そんな中やっと出来た友達が女の子であり、女の子もまたおじいさんにとって自分が唯一の友達であることを知っています。
女の子は大切な友人を傷つけたままだったので、本を渡すことで仲直りをし元気づけたかったのではないでしょうか。
王子が記憶を失っていた理由
女の子が見つけ出した星の王子さまはなぜ記憶を失っていたのでしょう。
そこには大きなメタファーが存在しているようです。
普通の大人になったから
星の王子さまは女の子がいうように普通の大人に成長してしまったのでしょう。
「大人になる為の学校」は、現実社会を風刺しているようにも感じます。
効率や生産性を突き詰め、創造力や夢を壊してしまう場所です。
彼は周囲の大人たちによって、無理矢理に子供時代の記憶を消されたと考察出来ます。
劇中で描かれたような大人になるには、子供の心を消す必要があるからです。
やるべきことに追われていたから
働かなきゃ、大切な一員として
引用:リトルプリンス 星の王子さまと私/配給会社:パラマウント映画
星の王子さまは仕事に追われる日々を過ごしており、やるべきことに追われています。
やりたいことを忘れてしまうのも無理のない話です。
子供の時は、やりたいことや疑問で心が満たされていますが、大人になるとやるべきことで満たされてしまうのでしょう。

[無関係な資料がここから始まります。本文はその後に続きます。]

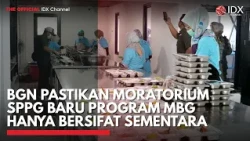 BGN Pastikan Moratorium SPPG Baru Program MBG Hanya Bersifat Sementara | IDXC UPDATE
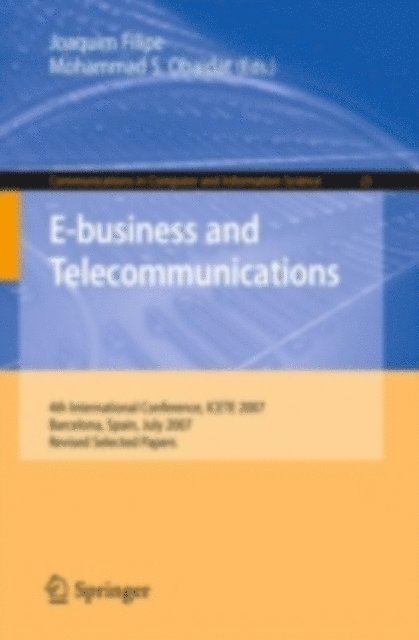 Mohammad S. Obaidat, Joaquim Filipe - E-business and Telecommunications, E-bok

彼はやるべきことに支配され、本当の心(子供の心)を失ってしまったとも取れます。
大人は記憶(夢)を失うという悲劇
原作となった星の王子さまに、風刺をプラスした本作は大人用に作られたアニメといえるのではないでしょうか。
大人の描かれ方が斬新で、ドキッとしてしまうシーンも多々ありました。
星の王子さまが記憶を失うというのも痛烈な風刺のように感じます。
母親に描かれた計画性
女の子の母親は数年先までの計画を密に立てていました。
観る者は「尋常じゃない親」という印象を持ちますが、子供の目線で見ると大人はそういうものなのかもしれません。
子供の時間と大人の時間は違うといわれますが、大人は常に何かに向かって生きているのです。
本作に描かれた子供たちは、今を生きています。
現代の生き方を問われるような内容ではないでしょうか。
不必要なものを忘れる大人
大切でないものは、全て大切なものに作り変える
引用:リトルプリンス 星の王子さまと私/配給会社:パラマウント映画
大人たちは、自分に不必要なものを生産性のある必要なものに作り変えています。
世の中に不必要なものなど存在するのでしょうか…。
劇中の「大人になる学校」では、子供の時に持っていた大切な記憶も必要なものに作り変えてしまうのでしょう。
目に見えないものが理解出来なくなる
雨の車内でのラジオはとても印象的で、目に見える数字が羅列されていました。
予期せぬ大雨で32人が仕事に遅刻、街の生産性が0.4パーセントダウンしました…
引用:リトルプリンス 星の王子さまと私/配給会社:パラマウント映画
原作でも主軸となっている目に見えないものは、大人の世界には存在していないのです。